Fio Rätzelhaft 2020 Riesling
This weekend we tasted this Riesling from Fio, a joint venture connecting two families: the Kettern family, who have been making wine in the Mosel for several hundred years, and the Niepoort family, led by famed Portuguese winemaker, Dirk Niepoort. Dirk is known for his different collaborations and works with winemakers across the globe. He traveled to the Mosel in his youth and befriended the late Wilhelm Haag, Wilhelm Haag of Weingut Fritz Haag in the Mose was one of Germany’s most heralded Riesling producers and a figurehead in the region. Wilhelm was an iconoclast and taught Dirk that “great wine didn’t have to be powerful and rich to be wonderful.” The name Fio means ‘thread’ in Portuguese, the two families share a common vision (or thread) for what the wines of the Mosel could be: old-school wines made in a classic and slower style, using time as the element missing from many wines that they felt rushed to market today.
This 2020 Rätzelhaft Riesling is a very pale color in the glass, almost clear. It’s an easy drinking example of Riesling, however, it is not representative of what you typically find of the varietal. It’s mild and light-bodied. Most Rieslings have more body from the residual sugar from the grape, but this one is bone dry and acidic. As with many other Rieslings and German wines this one has notes of petrol, citrus, and pear. It has a lively elegance and floating lightness.

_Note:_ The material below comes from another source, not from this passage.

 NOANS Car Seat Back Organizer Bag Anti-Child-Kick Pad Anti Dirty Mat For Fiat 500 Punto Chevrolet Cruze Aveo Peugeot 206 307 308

Rätzelhaft means “to riddle” and originally their idea was to use long lees contact, a specific blending of vineyards, and to age in bottle to remove the imprint of the grape variety, posing a riddle for the taster. The wines are all grown on steep slopes in the villages of Piesport and Leiwen. They are harkening back to pre-modern winemaking with their cellar work and viticulture. No herbicides, pesticides, or chemical fertilizers are used. Sheep graze in the vineyards to control weeds and a hands-off approach is taken. Old vines, trained on single poles like the Douro or Côte Rotie, are prized and used not just for the top wines, but for all quality levels. Their grapes are grown in clay-slate soils, fermented in Moselle barrels and stainless steel tanks, and matured for one year on the full yeast without sulfur. In the cellar, the wines are naturally fermented in Mosel fuder barrels and without sulfur. The ferments can take a long time to complete, but nothing is rushed. Most of the wines in the range are fermented completely dry and spend between one and three years in barrel, on the full lees before being bottled, unfined and unfiltered. SO2 is used at bottling and at low levels. The wines are released “when they start to taste really good” says Marco. This of course means that there are a variety of different vintages on release at any one time. “We admit we are not sales guys,” says Marco. “We want to taste and release the wines when they are ready, not before.” All their work results in an intensely mineral, complex Riesling with fresh citrus notes and nuances of stone fruits and nuts. It is lively, elegant, slightly smoky, and salty.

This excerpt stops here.